Every time you move your body, you are writing a software program in your brain. If you move poorly and keep moving that way, your brain starts to think it’s ok to do that. If you deadlift poorly in the gym, that substandard movement pattern will carry over into the things you lift in life, and you’ll start lifting stuff around the house the same way. Next thing you know, you’re 40 and have back pain all the time, and can’t figure out why. “Maybe I’m just getting old…”

Meanwhile you see a 70 year-old on my Instagram lifting a weight that makes your back hurt just looking at it.

Excessive fatigue is the enemy

In some cases, despite good general technique, injuries can still arise if there is insufficient recovery between sets/reps. Let’s be honest, if you’re tired, technique can slip. The rule in our gym is that we don’t combine ‘high intensity’ with ‘technical lifts’.

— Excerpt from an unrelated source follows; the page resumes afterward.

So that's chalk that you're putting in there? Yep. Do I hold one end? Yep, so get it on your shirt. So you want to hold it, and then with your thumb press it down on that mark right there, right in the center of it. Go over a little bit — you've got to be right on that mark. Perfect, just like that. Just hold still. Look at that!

Is it ok to take the gloves off periodically and enjoy a nice burner? Sure! On those occasions where we program something at a high intensity, it’s done with very safe and non-technical exercises. These sessions also tend to be pretty short… 20 to 25 minutes tops. The really nasty ones are even shorter.

One of my favorite questions to ask new people is, “Let’s say you start exercising two days per week, or about 8 to 9 sessions per month. How many of those workouts should be ‘BEAST mode’, how many ‘moderate’, and how many ‘easy’?”

The most common answer I get from new folks is, “All of them should be BEAST mode!”

I completely disagree. Answers can vary for a variety of reasons, but here’s my favorite:

80% of the workouts should be moderate, 10% hard, and 10% fairly easy. If you decide to do more hard ones, increase the easy ones by the same percentage.

Inversely… as Pavel says, “If you don’t have hard days, you don’t need easy days.”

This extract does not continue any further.